Recorded information:
- Opening Delimiter -

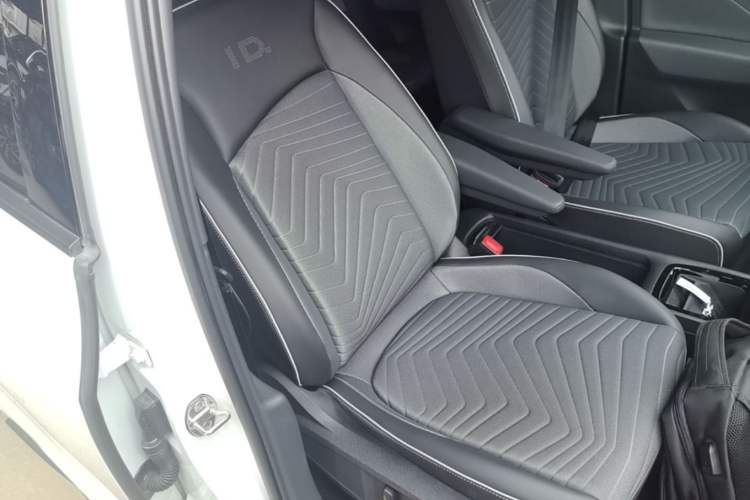 Used Volkswagen ID.3 2025 Smart Edition Outstanding Model Right Front Seat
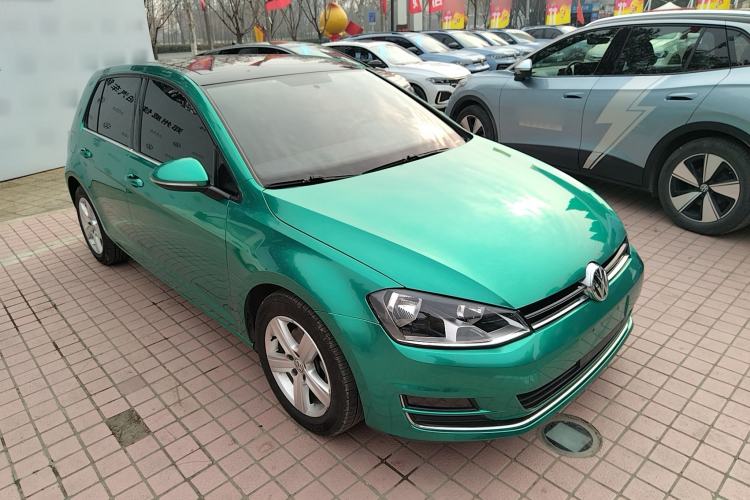 Used Volkswagen Golf 2016 230TSI Automatic Comfort Version
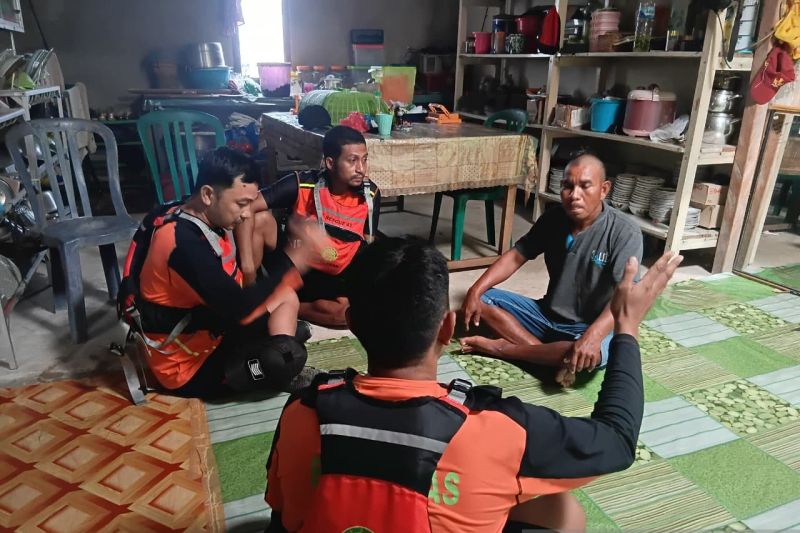 Amrul (30) foto bareng tim SAR ditemukan selamat setelah dua hari hilang kontak saat melaut di sekitar Perairan Desa Ujir, Kabupaten Kepulauan Aru. Foto Antara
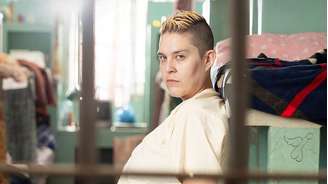 A atriz Letícia Rodrigues caracterizada como Sandrão na série 'Tremembé'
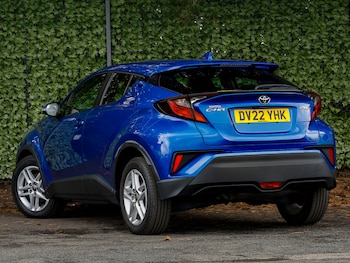 Used Toyota C-HR 2022 for sale - 75971332: Photo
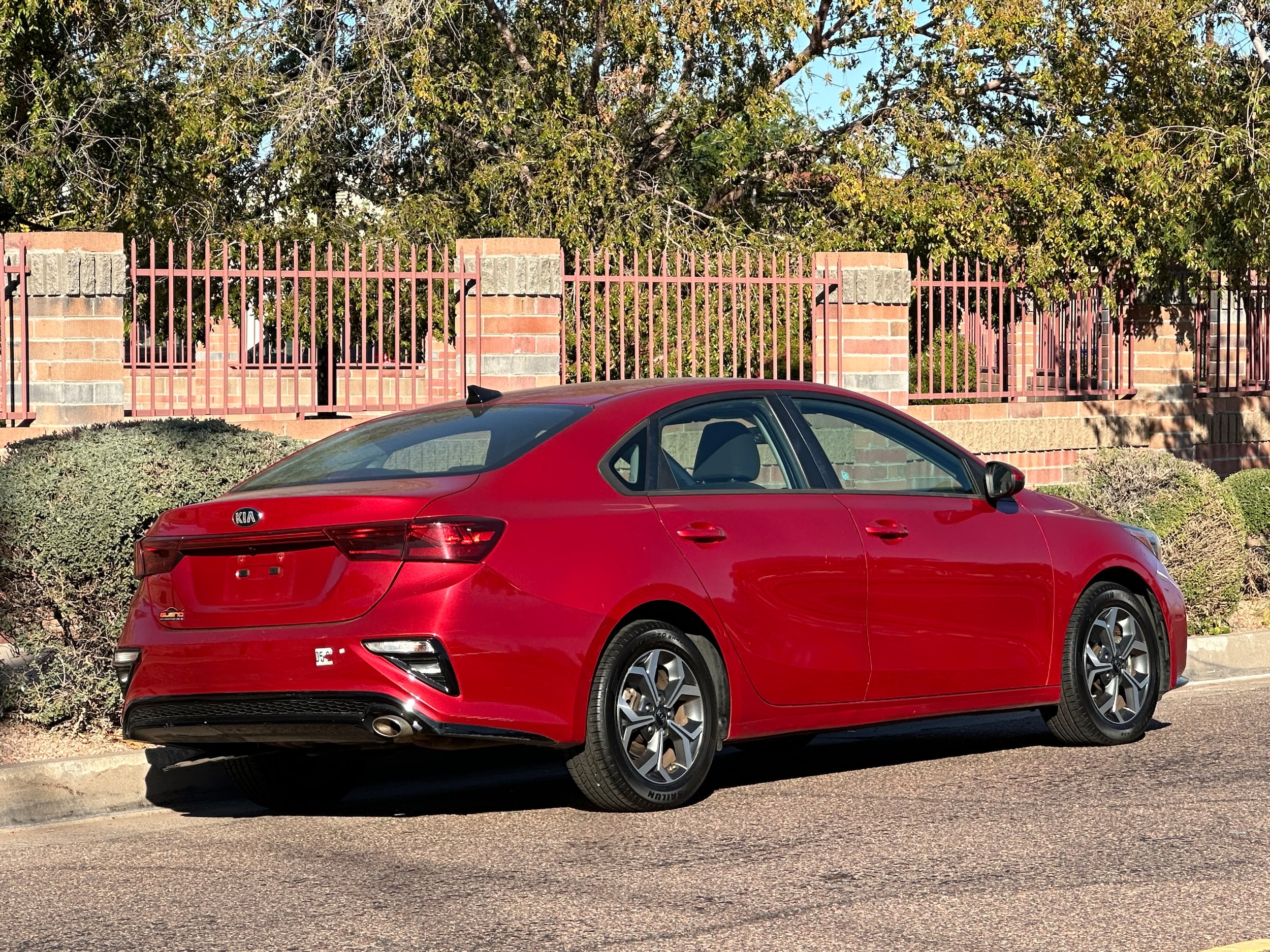 2021 Kia Forte LXS - Photo 10
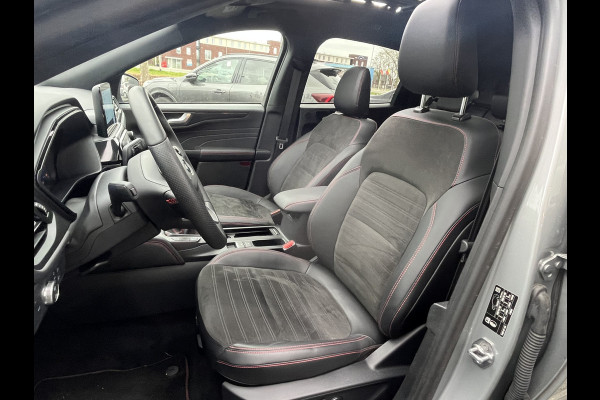 Ford Kuga 1.5 EcoBoost ST-Line X 150pk/110kW 6-bak | Full Options | E-Trekhaak | Pano | Driver Assistance Pack | Technology Pack | Winter Pack | etc. etc.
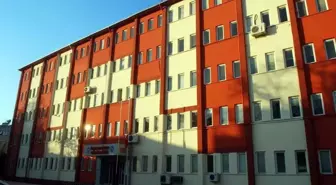 Manisa'da fuhuş operasyonu; 2 gözaltı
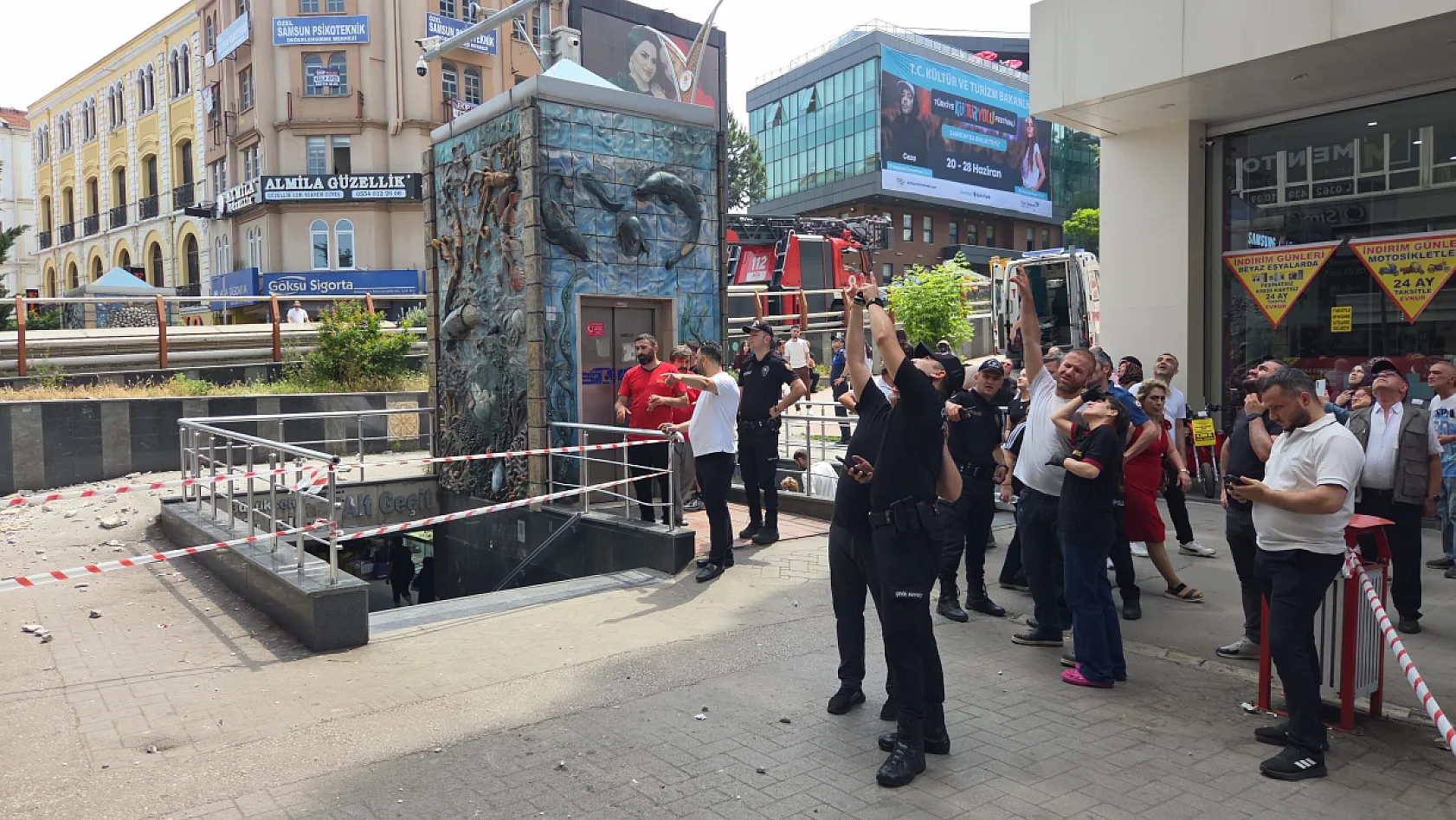 Samsun'da 8. kattan düşen sıvalar 2 kişiyi yaraladı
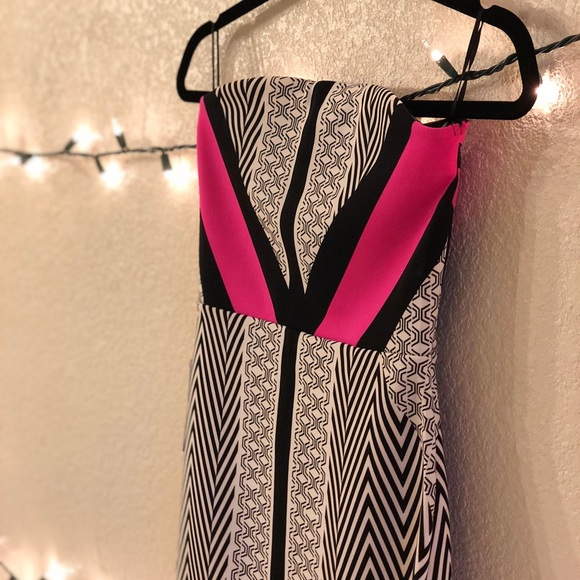 Geometric Strapless Mini Dress - Picture 3 of 4
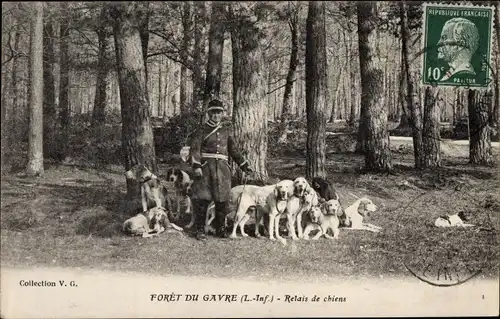 Ak Le Gavre Loire Atlantique, Hundeführer posiert bei Jagd im Wald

- Closing Delimiter -

Your goal: Restate word for word the lines from the one holding "Amrul (30) foto" down through the last line of the records above, and do not include the pictures.

Task output:
 Amrul (30) foto bareng tim SAR ditemukan selamat setelah dua hari hilang kontak saat melaut di sekitar Perairan Desa Ujir, Kabupaten Kepulauan Aru. Foto Antara
 A atriz Letícia Rodrigues caracterizada como Sandrão na série 'Tremembé'
 Used Toyota C-HR 2022 for sale - 75971332: Photo
 2021 Kia Forte LXS - Photo 10
 Ford Kuga 1.5 EcoBoost ST-Line X 150pk/110kW 6-bak | Full Options | E-Trekhaak | Pano | Driver Assistance Pack | Technology Pack | Winter Pack | etc. etc.
 Manisa'da fuhuş operasyonu; 2 gözaltı
 Samsun'da 8. kattan düşen sıvalar 2 kişiyi yaraladı
 Geometric Strapless Mini Dress - Picture 3 of 4
 Ak Le Gavre Loire Atlantique, Hundeführer posiert bei Jagd im Wald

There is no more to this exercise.